Except for the pictures, reproduce the records word for word.

☆ ☆ ☆ ☆

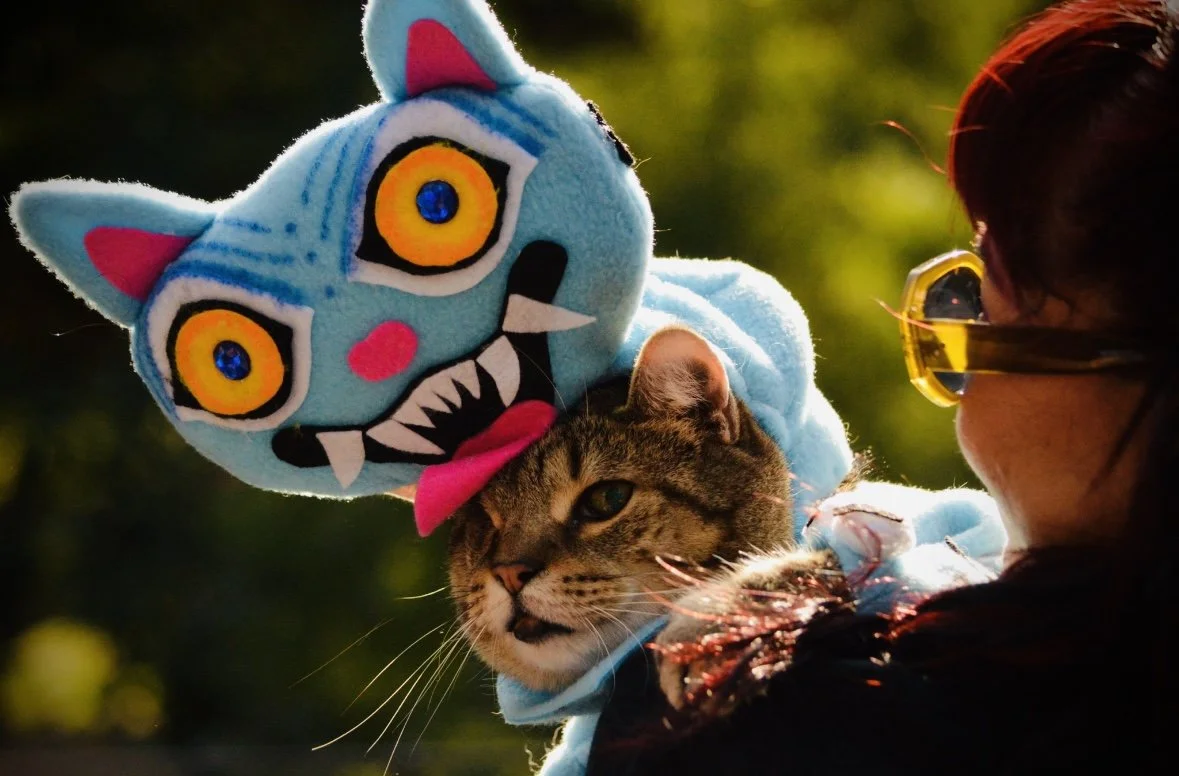 tompkins square dog parade (2025)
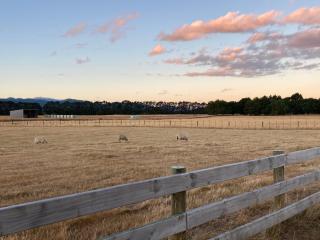Paddock to Peaks - 9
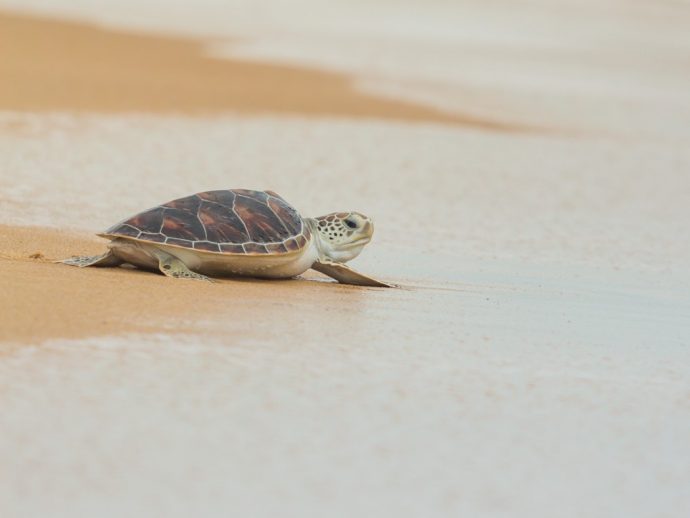 Baby sea turtle on the sand - turtle hatching in Sao Tome and Principe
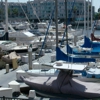 Dolphin Marina Slips gallery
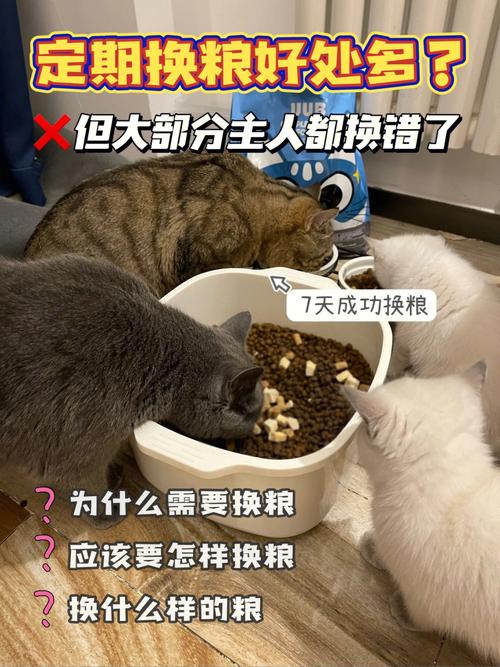 喂猫粮的正确方法：如何保证猫咪健康饮食？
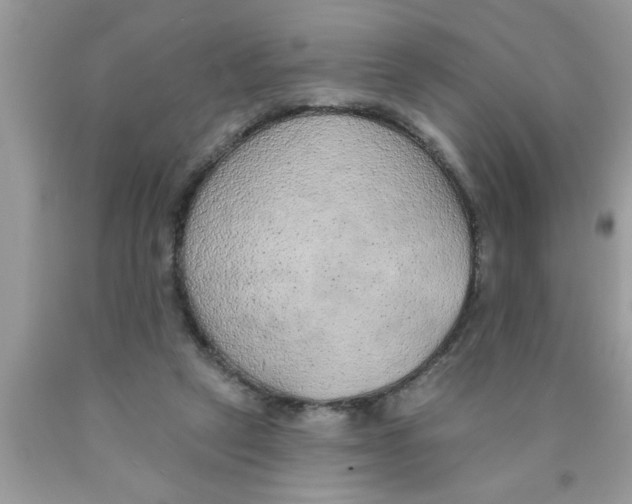 X0000089860257200707262134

☆ ☆ ☆ ☆

• _EXPECTED OUTPUT_
 tompkins square dog parade (2025)
Paddock to Peaks - 9
 Baby sea turtle on the sand - turtle hatching in Sao Tome and Principe
 Dolphin Marina Slips gallery
 喂猫粮的正确方法：如何保证猫咪健康饮食？
 X0000089860257200707262134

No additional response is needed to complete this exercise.